How autobiographical are the close-to-the-bone stories in The Bloke’s Bible and The Road Trip? Dave is cagey about that, avoiding the topic by moving the subject away from himself. He is, after all, still a guy. And while not necessarily comfortable with talking about his own feelings to a total stranger in a pub (at least after only one Guinness), he has advice for those wishing to share their faith with men. ‘Don’t tell people what you think Jesus should mean to them,’ he says. ‘Be honest about what he really means to you. Draw on the moments of doubt and despair. Draw on the moments when you thought he’d come through for you and he didn’t. Those times temper the idealism that is wrapped around Christianity.’

That seems to fit in with what CVM believe too. ‘The biggest favour you can do a man is to encourage him to share transparently,’ CVM’s book, Winning Men advises. ‘Only then will you be able to offer the light of the Gospel.’ Despite the differences between men and women that both Dave and the people at CVM are keen to point out, perhaps a combination of earthy, edgy entertainment and honest, Biblical truth could do us all some good, not just the men. A desire for honesty and authenticity, after all, is hardly exclusive to blokes.

5 Responses

  1. I can not see who interviewed David Hopwood and wrote the review of his two books, but I’m grateful to them for a job well done.
    It’s amazing how The Lord works! I have had similar feelings to those expresed by David for some time, and as a relatively new Christian (four years, and only baptised this year) I have many years of ingrained, stereotypical macho traits that I have struggled. Just when I am also wondering how I can broach the subject of our Lord to my equally manly Dad and brothers, along comes Mr Hopwood. The Lord speaking to us through David’s book could be the key I need.
    I look forward to reading The Bloke’s Bible myself soon. If it reads as well as your review suggests then I shall buy several more, and pass them on to the rest of my male friends and family.

    God Bless

    Leon Mower

  2. He’s finding it hard to relate to the lyrics, the high pitch of the singing, the flowers, the whole church experience, and I suddenly realise that so am I. Looking around, other men are feeling the same.

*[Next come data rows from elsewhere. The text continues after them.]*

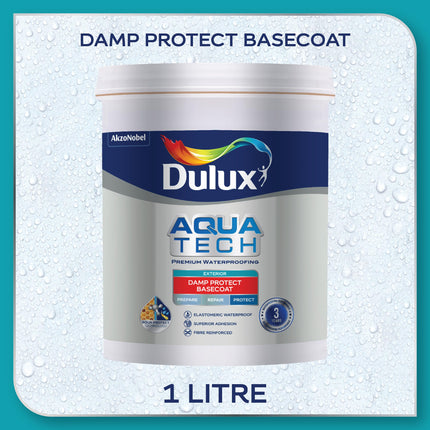 Dulux Aquatech DampProtect Basecoat, Exterior Waterproof Basecoat for Terrace Roof and Walls, 3 Year Waterproofing Performance, Crack-bridging, Solar Reflective Coating, 1 Liter 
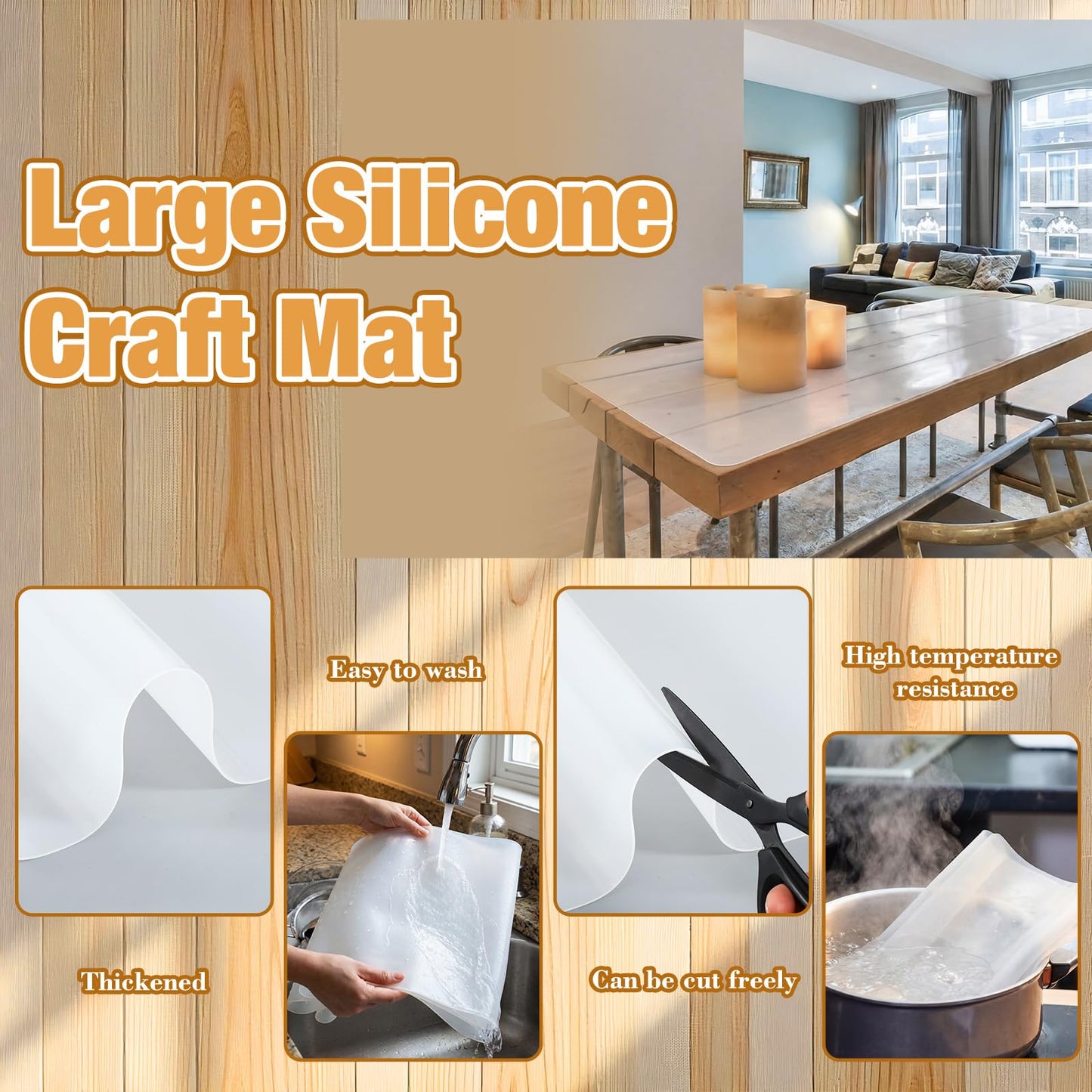 Klyyo Clyro 2 Pcs 78.7x15.7 Inch Extra Large Silicone Craft Mat, Oversized Desktop Protection Pad, Heat Resistant Countertop Insulation Pad for Art, Crafts, Painting, Clay, Kitchen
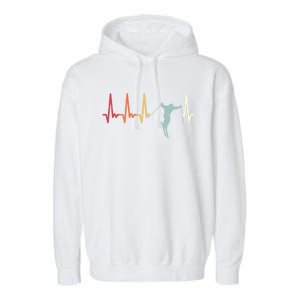 Ski Pulse Mountain Winter Sports Skier Skiing Heartbeat Gift Garment-Dyed Fleece Hoodie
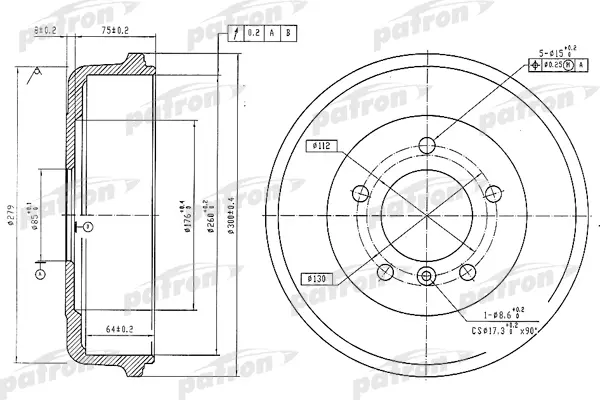 

Тормозной барабан PATRON PDR1096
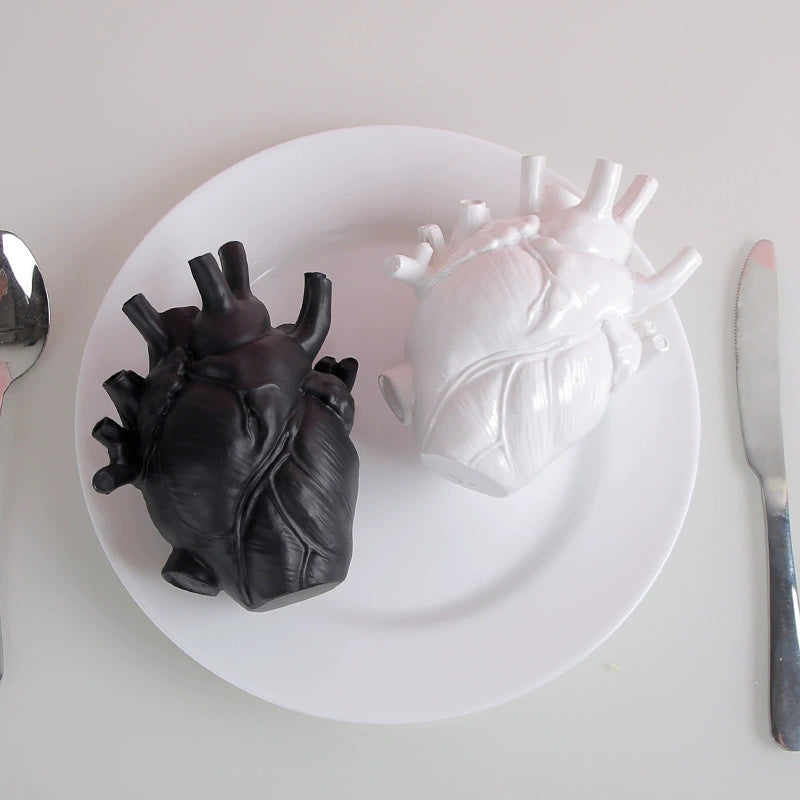 Still Beating Heart Vase, White, anatomical heart ceramic vase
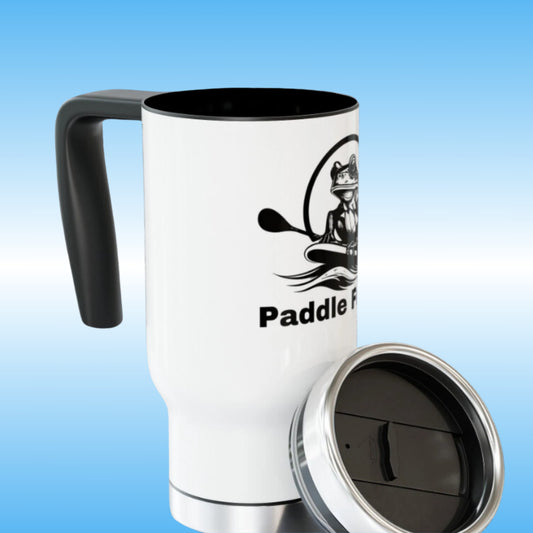 White travel mug features a classic black and white design with the iconic Paddle Frogs Outdoor Gear frog on a paddleboard. It's a timeless piece that perfectly captures the spirit of adventure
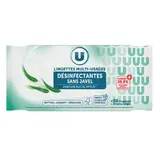 Lingettes désinfectantes sans javel parfum eucalyptus, U (x 25, 185g)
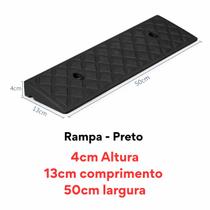 Rampa de degrau 04x13x50 modular calçada garagem áreas de acesso para pessoas com deficiência - Preto Rampa de degrau 04x13x50 modular calçada garagem áreas de acesso para pessoas com deficiência - Preto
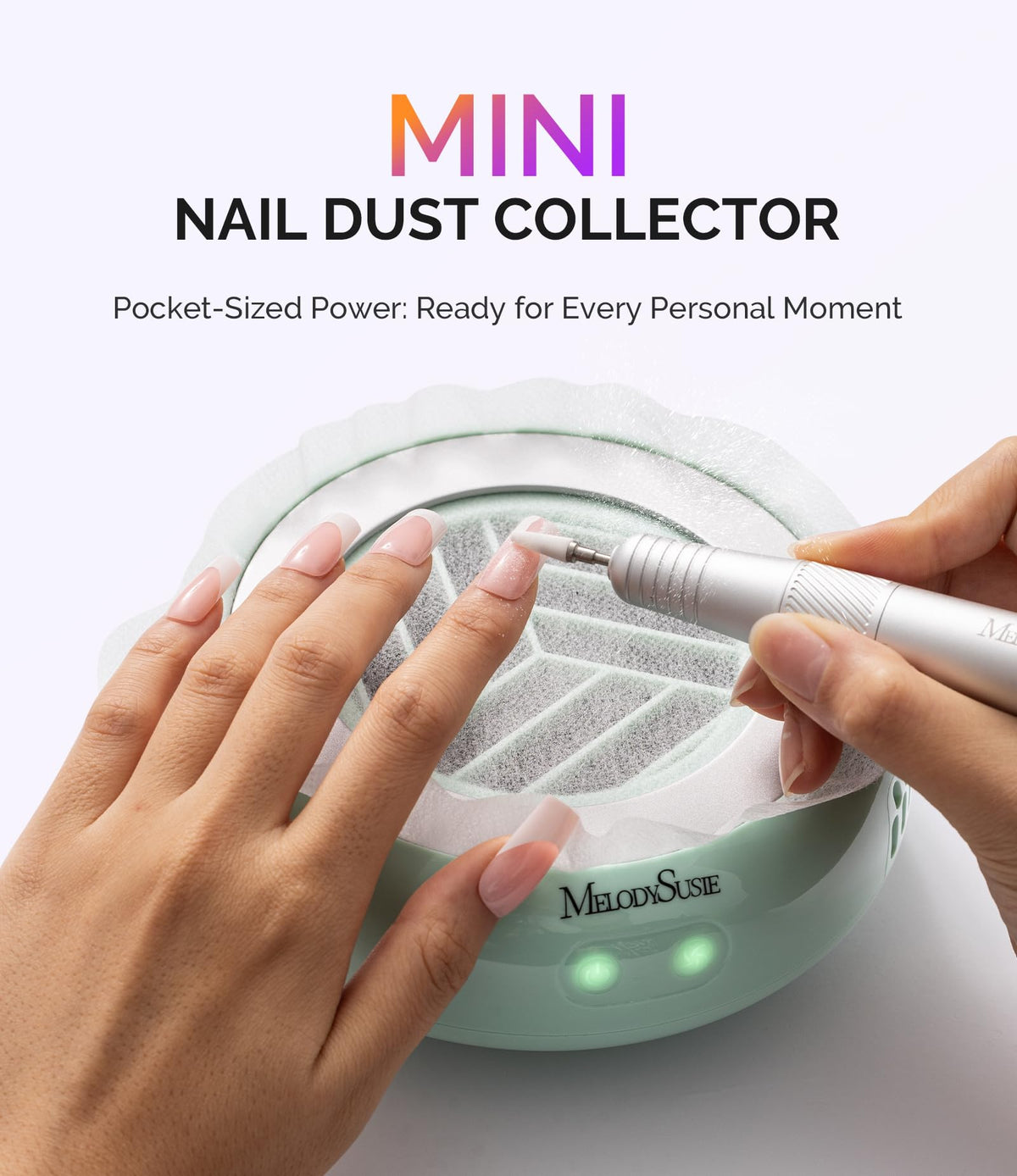 MelodySusie HProA Nail Dust Collector side view showing touch control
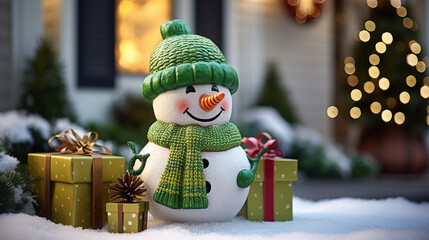 Cute snowman stand alone on snow ground with Christmas ornaments. AI generated.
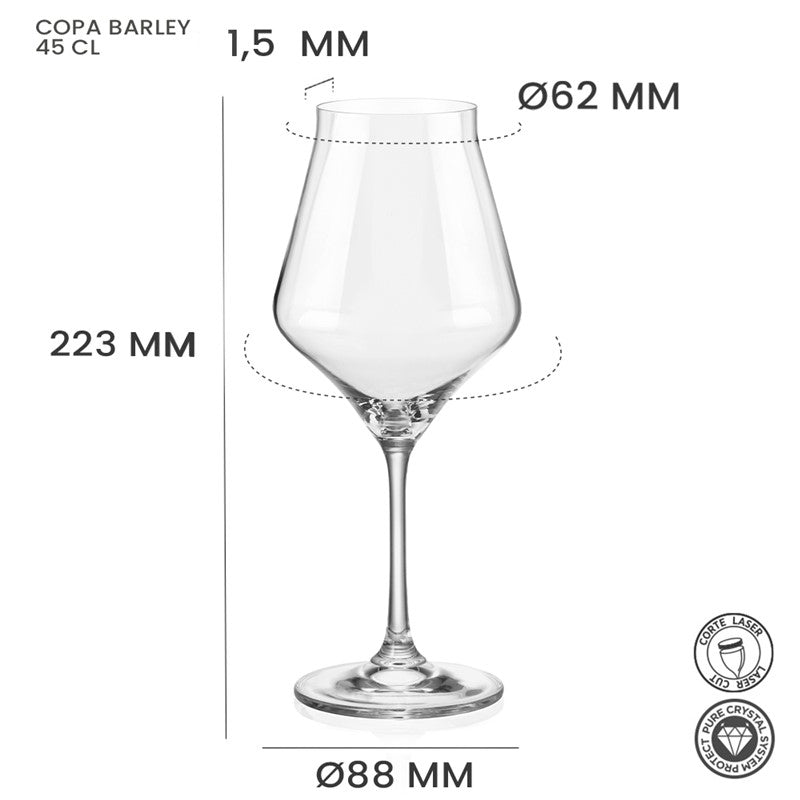 Alar Barley Wijnglas 45 cl - Doos 6 stuks - 123Glaswerk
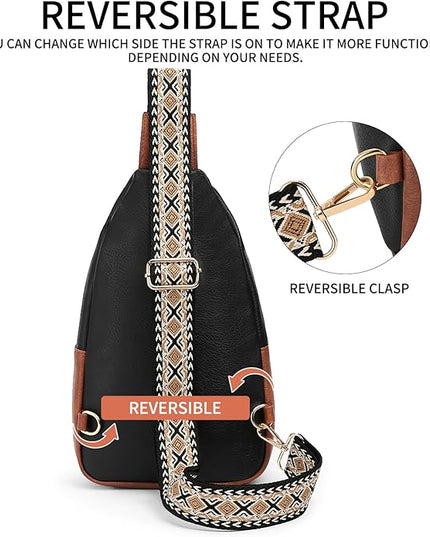FALAN MULE Crossbody Bags for Women Trendy Leather Sling Chest Bag Fanny Packs for Women
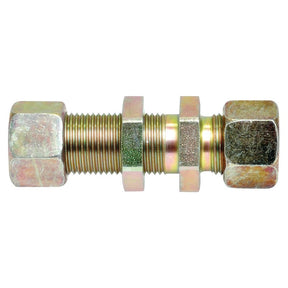A hydraulic metal bolt with nuts and washers threaded onto it, complemented by a Sparex Hydraulic Metal Pipe Bulkhead Coupling G.S.V. 18L with lock nut (Part No. S.34205).
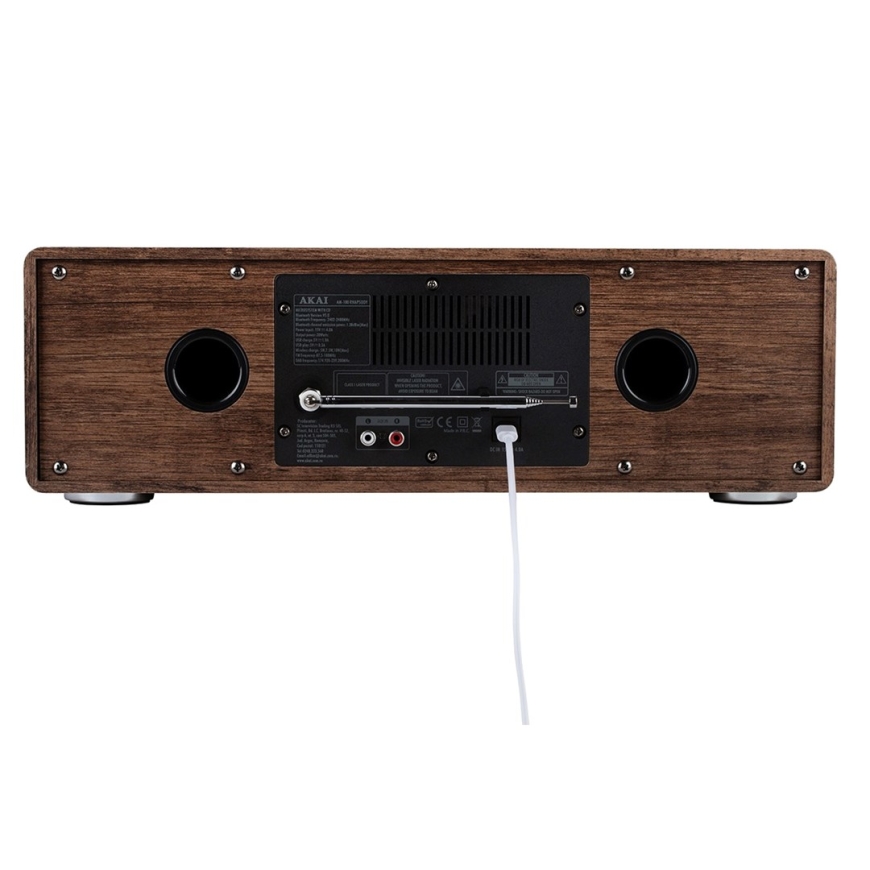 AKAI AM-100 RHAPSODY Stereojärjestelmä 30W RMS, Bluetooth 5.0, DAB+/FM, CD/USB, AUX, ruskea musta – 4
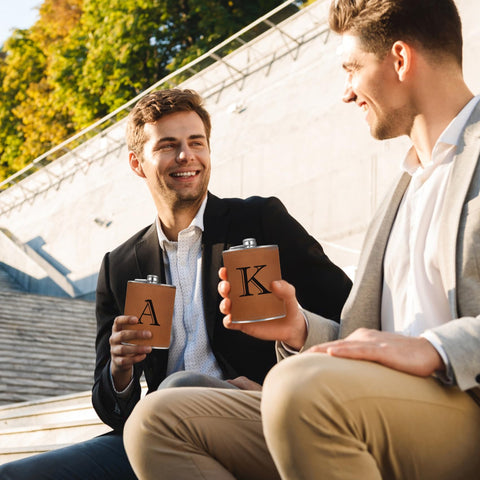 CARAKNOTS leather flask gift box, ready-to-gift packaging with funnel included.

    I feel it too – and I’m a woman!

  3. I bought this book (Bloke’s Bible) a little while back but haven’t read it yet, but I now intend to! I get the feeling that Dave is trying to be honest, painfully honest, when English Christianity sometimes can be a bit ‘nice’ and a bit too ‘middle-class’ and even a bit too exclusive. I may be wrong about this, but this is how I feel, and how I perceive Christianity to be, especially organised Christianity in England.

    Christ reaches out for the whole world, and yet organised religion at best can fail to do this. Christ calls all kinds of people, even the people you might think don’t merit a second look. I myself have been a Christian for a long time, but I don’t come from a particularly Christian or churchy background of any kind.

    We need to get to the truth of the Bible, and not sugar-coat it, or make it ‘nice’ and then boring and irrelevant. The Bible is a wonderful book, my favourite of all time, but there are things in there that are starker and sometimes more graphic and gritty than any crime or sex bestseller! Is this God’s Word? Is this the God we think we know? Are we sure know God at all, when He is often interpreted, even misinterpreted, by well-meaning but sometimes out-of-touch Christians, who in being nice, don’t want to offend anyone. But the Bible is there to shake people up, to make them think, to question all our cosily held, but sometimes false, assumptions.

    If men, no every Christian, start being real and honest with each other, we might just get to some truth!

  4. I think The Bloke`s Bible is one of the best Christian books i have ever read, and he along with Adrian Plass and Jeff Lucas really lift my spirits and bless me so much. Oh yer and i am a bloke.